7. The method for detecting the small target of the aerial image based on the feature fusion and the upsampling as recited in claim 1, wherein in the step S5, the feature set is spliced to generate the fusion feature, which is a splicing operation of tensor; and splicing the characteristic graphs along the dimension direction by the splicing operation of the tensor to obtain a fusion characteristic tensor.
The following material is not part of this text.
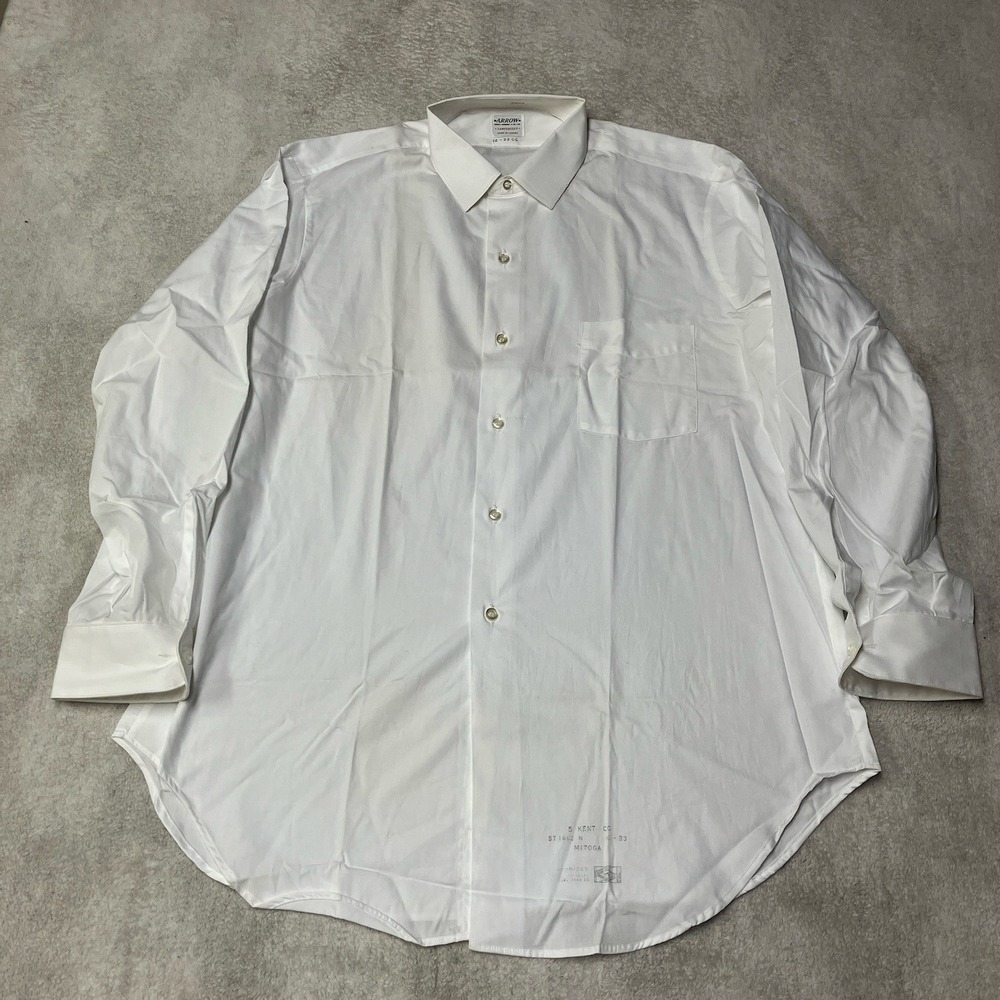 True Vintage 50s Arrow Sanforized Mitoga Dress Shirt Union Made White Men 16-33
8. The method for detecting the small target of the aerial image based on the feature fusion and the up-sampling as claimed in claim 1, wherein in the step S6, the multiple down-sampling of the fusion feature to construct the feature pyramid means that the feature graph is processed through a plurality of down-sampling layers connected in series to generate a series of feature graphs with low resolution; the feature map pyramid is a set formed by low-resolution feature maps output by a down-sampling layer; the resolution of the output low resolution feature map is 1/2 the resolution of the feature map of the downsampled layer input.
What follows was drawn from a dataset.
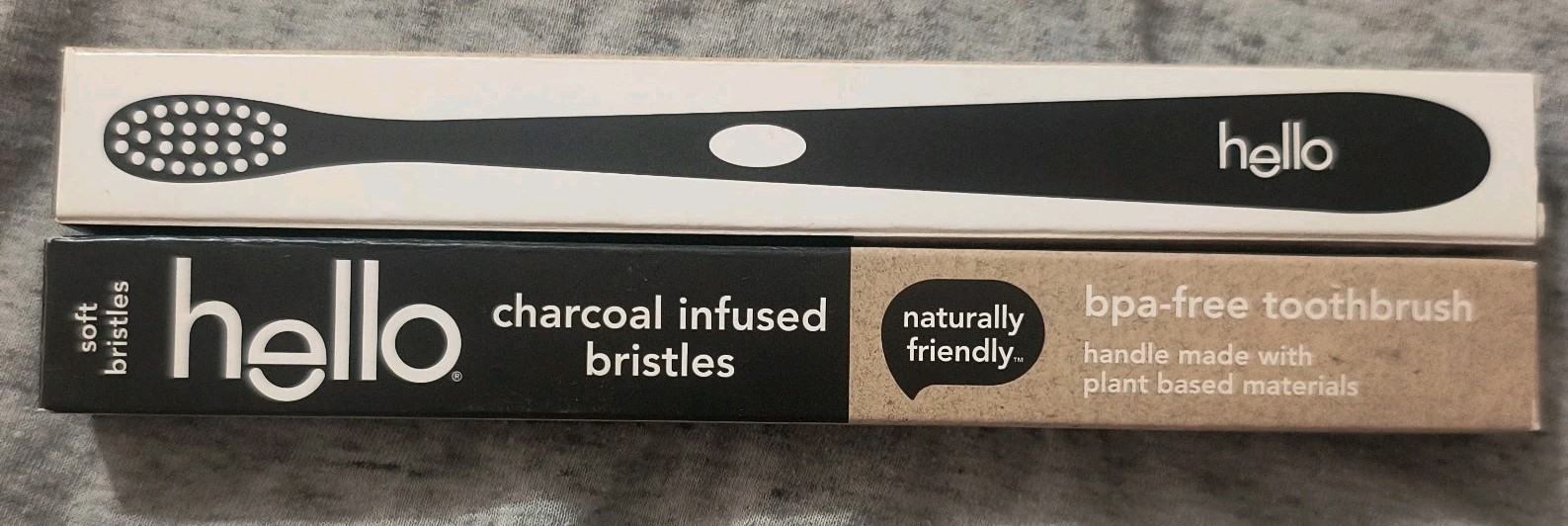 2 Charcoal Infused Bristles Toothbrush By Hello BPA Free Soft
9. The method for detecting small targets in aerial images based on feature fusion and up-sampling as claimed in claim 1, wherein in step S7, the head detection network sequentially inputs the feature map of the feature pyramid output in step S6 and outputs the category and position coordinates of the target; the head detection network comprises a classification full convolution network and a regression full convolution network;

s7.1.2, inputting the characteristic diagram output by the buffer convolution layer into the classification prediction layer; the classified prediction layer consists of a convolutional layer; let x be (x)_N，x_C，x_H，x_W) The 4D tensor is indexed by the (N, C, H, W) sequence and represents the classification result output by the classification prediction layer; where N is the batch axis, C is the channel axis, and H and W are the length and width axes, respectively; the batch, length and width (N, H, W) of the x are the same as the input feature map; the number of the channels of x is Cls A, Cls is the number of target categories, and A is the number of preset anchors;

s7.2.2, inputting the characteristic diagram output by the buffer convolution layer into the regression prediction layer; the regression prediction layer consists of a convolution layer; let y be (y)_N，y_C，y_H，y_W) Representing the regression result output by the regression prediction layer by using 4D tensors indexed in the (N, C, H, W) sequence; where N is the batch axis, C is the channel axis, and H and W are the length and width axes, respectively; the batch, length and width (N, H, W) of the y are the same as the input feature map; the number C of the channels of the y is 4A, and A is the number of the preset anchors;

s7.3, the results x and y output by the classification full convolution network and the regression full convolution network are combined to obtain (z, z) as the 4D tensor z indexed in the order of (N, C, H, W)_N，z_C，z_H，z_W) (ii) a Where N is the batch axis, C is the channel axis, and H and W are the length and width axes, respectively; the size of C is (4+ Cls). times.A, Cls is the number of target categories, and A is the number of preset anchors; the 4D tensor z is the target detection result output by the network, and includes the category and the position coordinates of the target.